Would it be accurate to say there is now more regulatory attention on this and, therefore, people are keener to demonstrate that they are doing something about it?
Daniel Varghese: With the regulatory environment, we need to be able to show how we are presenting the information to management from a risk standpoint and technology is very important. It is going to help us to provide the evidence we need of how we reached our conclusions, and what we based our decisions on. Manually pulling data is always going to be a concern, so the more manual an environment you have, the more the data could be in question. Not that technology is going to be an answer for all data accuracy, but it will help. You have to do what is right for your institution. If you find that you are in a larger organisation or you have many more data points, technology will help in your decision-making, and help you substantiate it by showing how you came to your conclusion.
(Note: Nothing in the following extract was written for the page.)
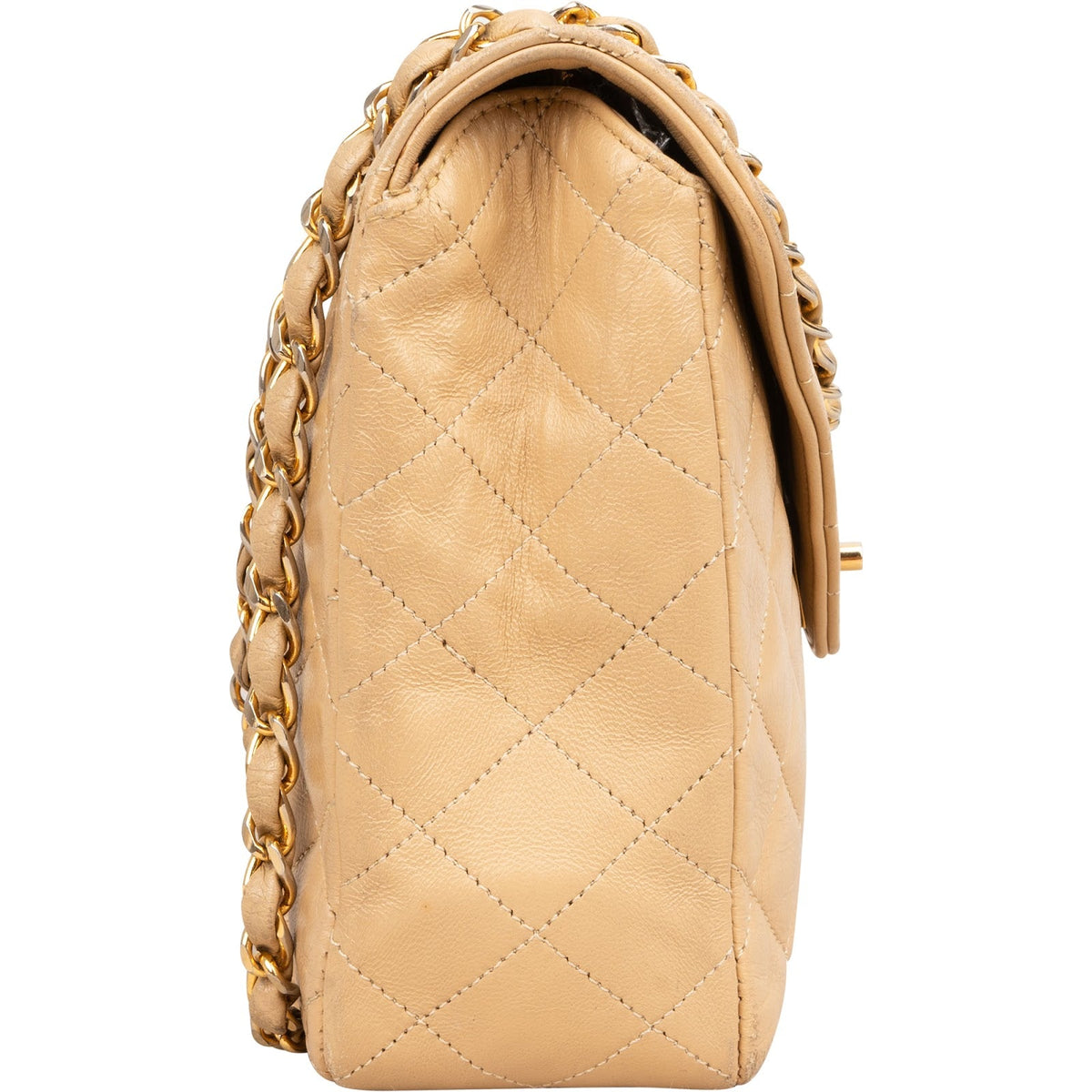 Chanel Quilted Lambskin 24K Gold Single Flap Shoulder Bag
Marty Blaauw: There is a regulatory expectation that we look at this holistically and that the data be tied together. We pull all of our loss data and the external loss data into the risk assessment. There is an expectation that you are back-testing your risks against your data. You need the technology to tie that all together and see it all in one place.
Brenda Boultwood: If you look at the public disclosures of large banks, you see that the capital numbers they report are largely operational risk capital numbers. I think that organisations are learning through the unfortunate large loss events we have seen in the headlines, but also growing more aware as their own risk assessment techniques improve. Operational risk management is really an important way of making better business decisions.